> _REQUIRED ACTION_: Reproduce each line of the material exactly, minus any picture.
START SUPPLIED MATERIAL
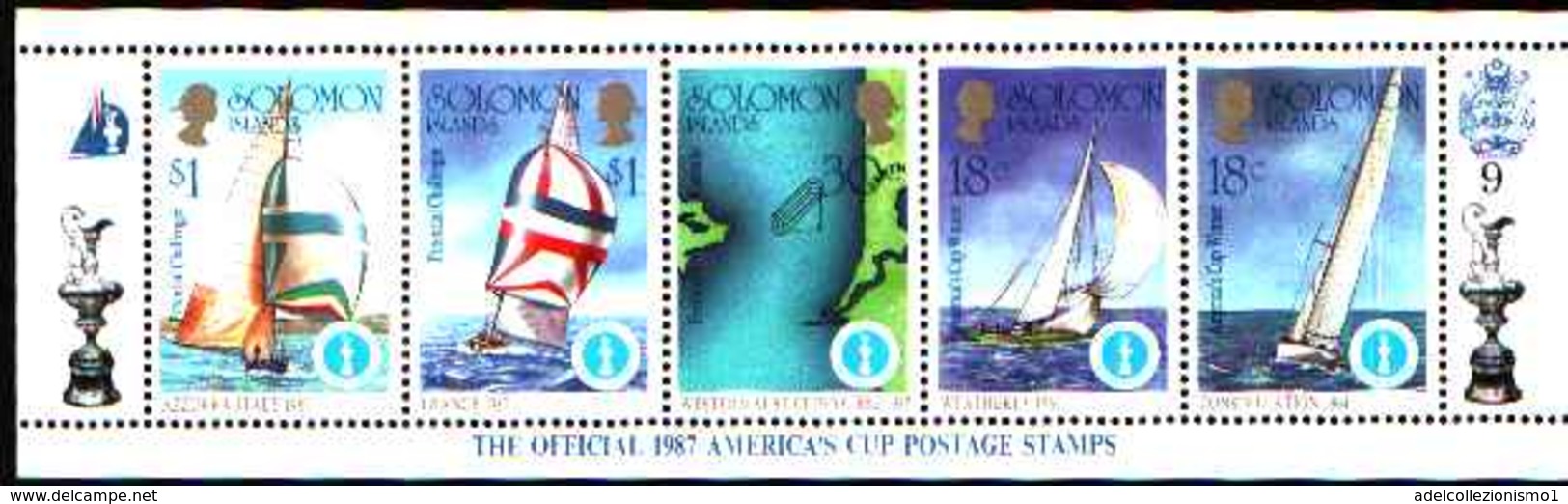 5527bis ) SOLOMON ISLANDS 1986 AMERICA'S CUP 1987  Sere In Striscia-MNH** - Isole Salomone (1978-...)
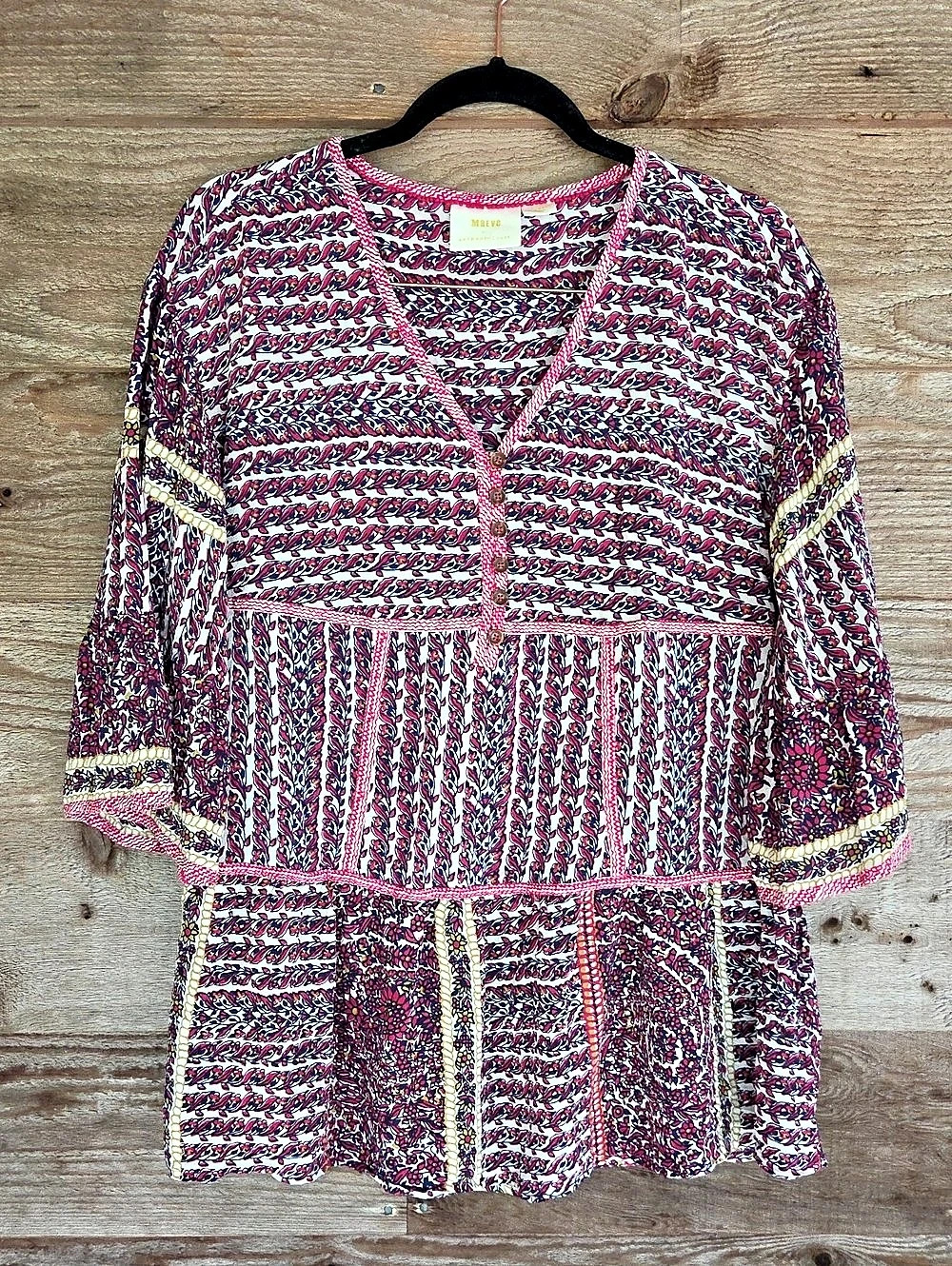 Maeve Anthropologie Floral Tunic Pink & Blue Size XSmall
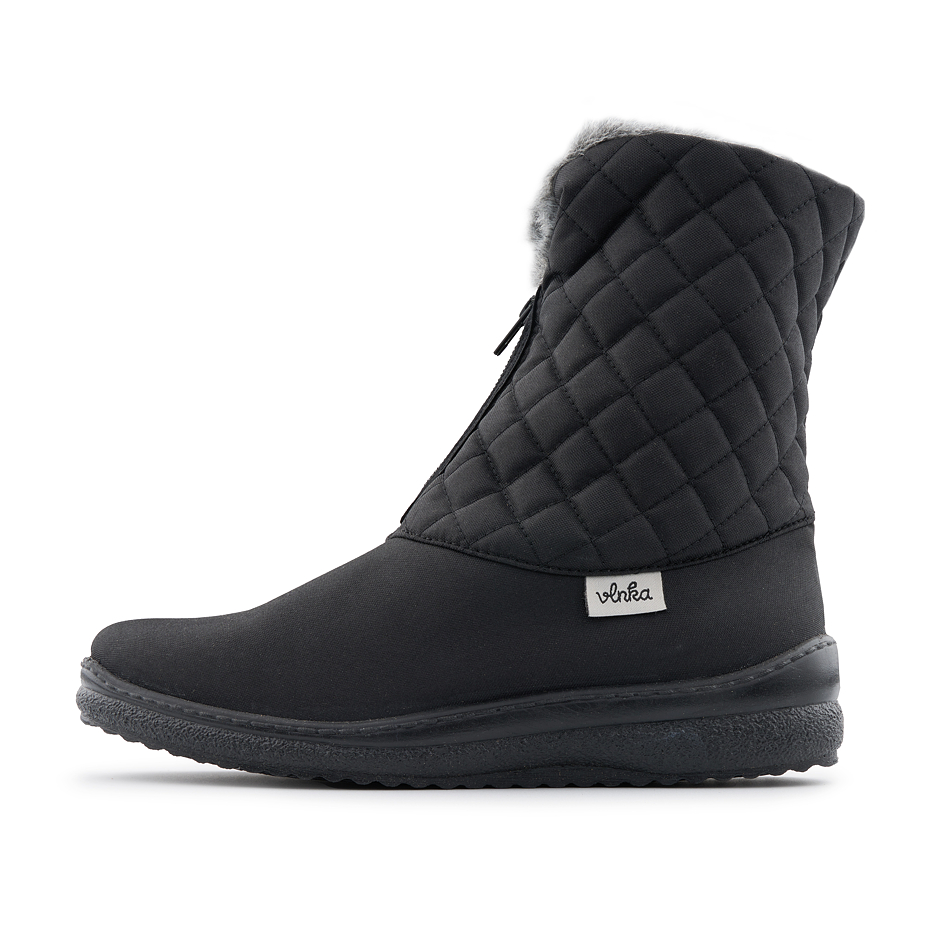 Women’s Zip-Up Quilted Snow Boots Black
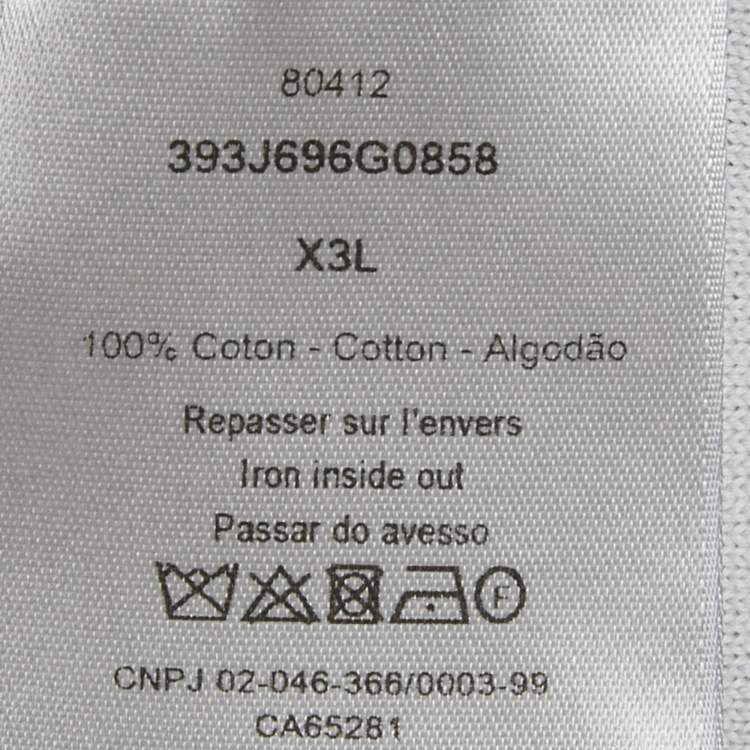 مملوكة مسبقًا Dior Homme Grey Logo Print Terry Crew Neck T-Shirt 3XL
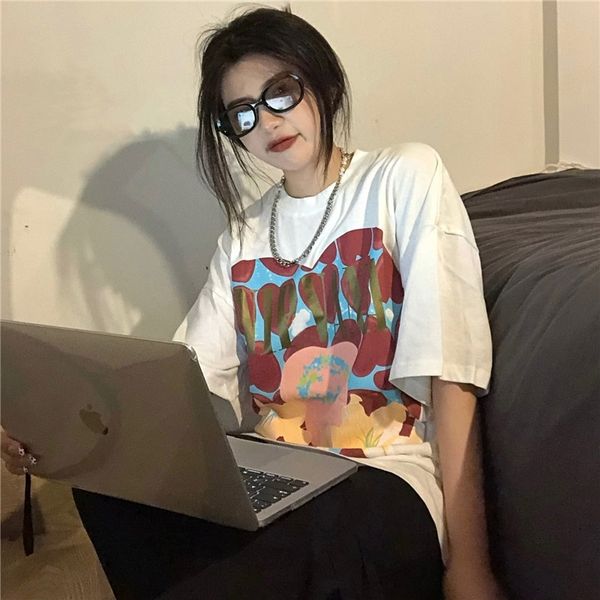 high street hip hop loose fitting short sleeve large t-shirt women's summer 2021 new round neck love printing super fried street top, White;black
high street hip hop loose fitting short sleeve large t-shirt women's summer 2021 new round neck love printing super fried street top, White;black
END SUPPLIED MATERIAL
> _YOUR SOLUTION_:
 5527bis ) SOLOMON ISLANDS 1986 AMERICA'S CUP 1987  Sere In Striscia-MNH** - Isole Salomone (1978-...)
 Maeve Anthropologie Floral Tunic Pink & Blue Size XSmall
 Women’s Zip-Up Quilted Snow Boots Black
 مملوكة مسبقًا Dior Homme Grey Logo Print Terry Crew Neck T-Shirt 3XL
 high street hip hop loose fitting short sleeve large t-shirt women's summer 2021 new round neck love printing super fried street top, White;black
high street hip hop loose fitting short sleeve large t-shirt women's summer 2021 new round neck love printing super fried street top, White;black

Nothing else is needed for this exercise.